It occurred to me in the comment thread of a recent CT News Junkie column by my colleague Sarah Darer Littman that, while teacher tenure isn’t the root of all evil in the public school kingdom, there is one very compelling reason to get rid of it. And it ties directly into Gov. Malloy’s proposal to spend almost $25 million on failing schools in Connecticut.
Often, the first step in rescuing a bad school is to bring in a dynamic new leader. This is always a welcome step, but even Superman can’t fix a school with the same cast of characters that presided over the decline. That’s not to say all the teachers and administrators in a bad school are to blame for its condition, but to hamstring the incoming principal with largely the same faculty, as tenure tends to do, dooms the new leader to failure.
From 1989 to 1996, I taught at The Forman School in Litchfield, a private boarding and day school for college-bound students with learning disabilities. In the 1980s, the school was a hot commodity. Forman was written up in Time magazine and counted two children of the comedian Bill Cosby among it students.
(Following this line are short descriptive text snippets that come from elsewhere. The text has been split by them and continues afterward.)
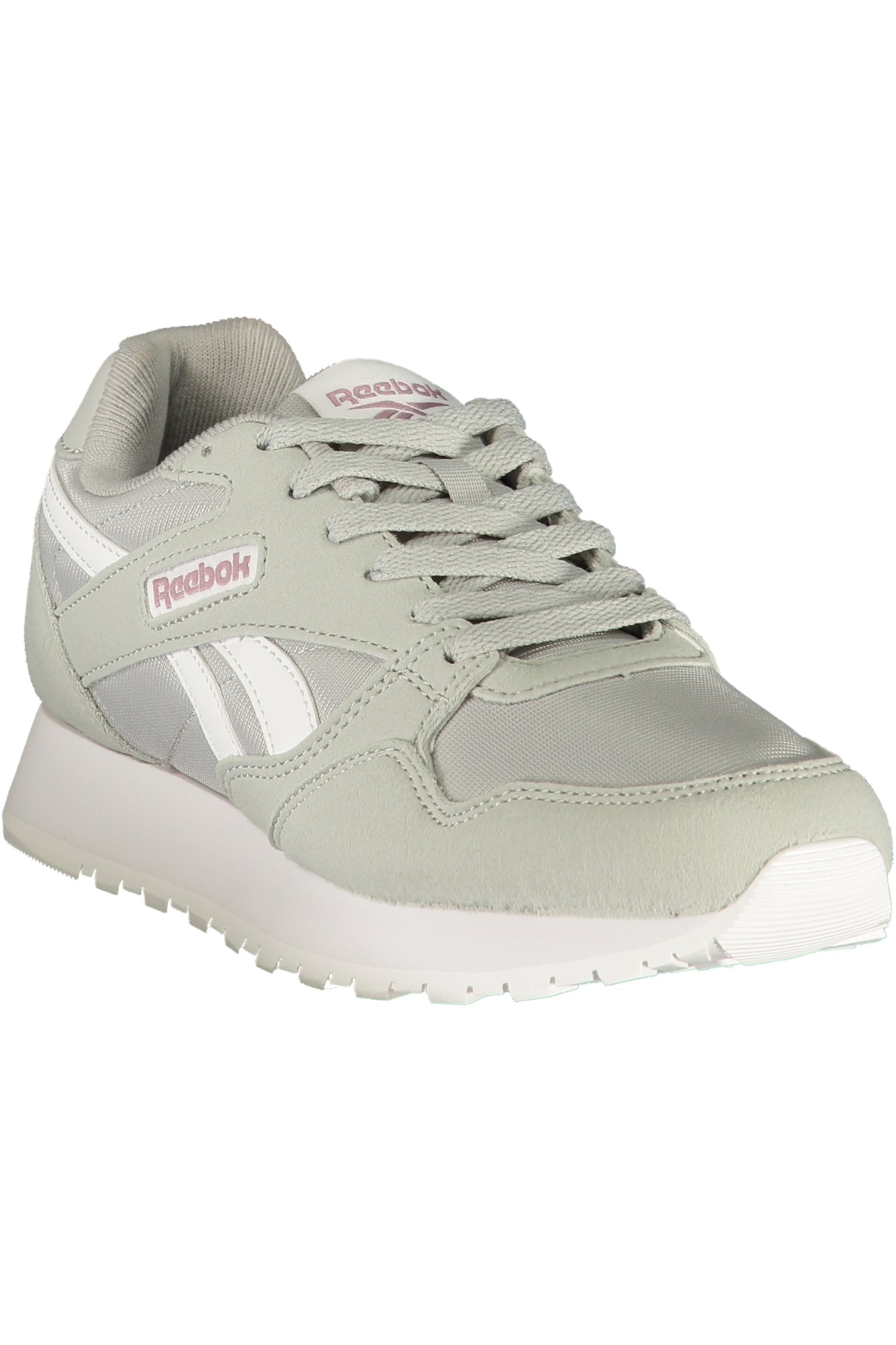 REEBOK CALZATURA SPORTIVA DONNA GRIGIO - Grandi Firme Lab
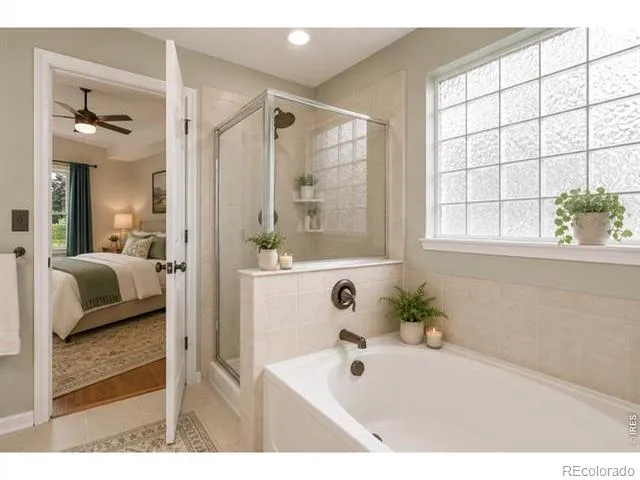 1421 Snook Court Fort Collins, CO 80526
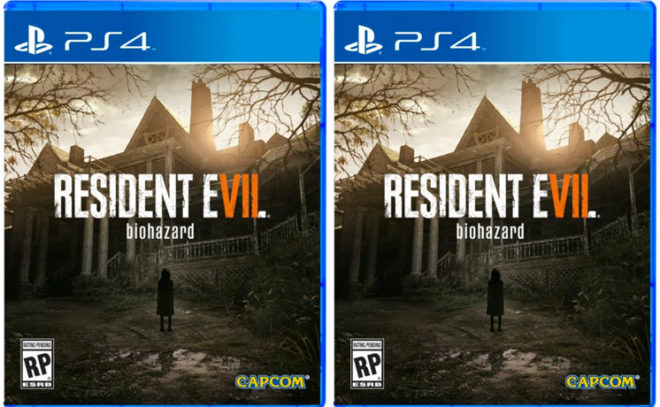 Resident-Evil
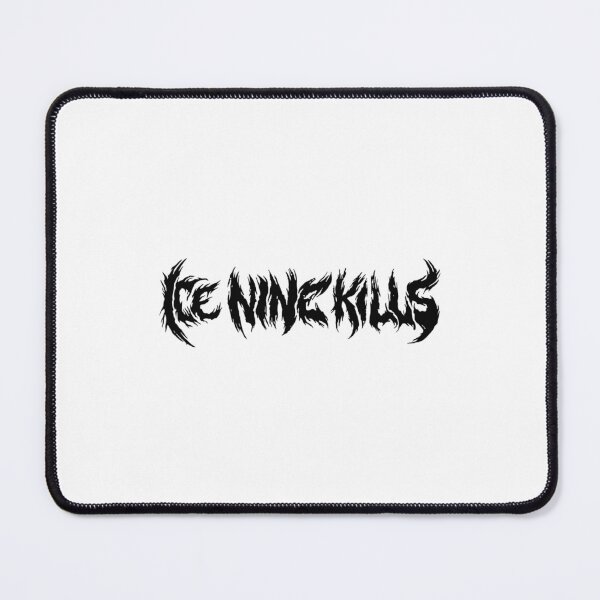 Item preview, Ice nine kills band rock designed and sold by Dunnalex.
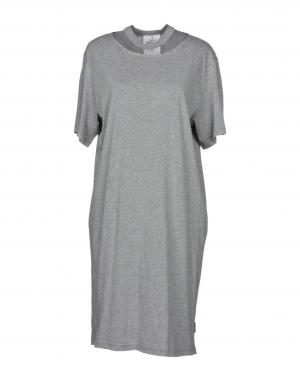 Платье CHEAP MONDAY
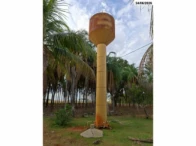 Miniatura 19 de Fazenda c/ 340,18 hectares - Bom Jardim de Goiás/GO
There were very few schools like it.
But in the 1990s, as traditional boarding schools started programs to address the needs of the learning disabled, Forman stood still, did very little innovating and consequently lost its applicant pool to mainstream schools such as Brewster and Berkshire. So a student body comprised of bright students with dyslexia gave way to pupils afflicted with attention deficit hyperactivity disorder, histories of fighting or recent stays in drug rehab.
Consequently, Forman entered a period of serious decline made worse by the absence of competent leadership. Drug use became rampant, at least half the students refused to do homework and there were incidents in the dormitories that were too sordid to repeat here. Faculty morale hit rock bottom just as the board of trustees announced it was firing the battered and hapless headmaster.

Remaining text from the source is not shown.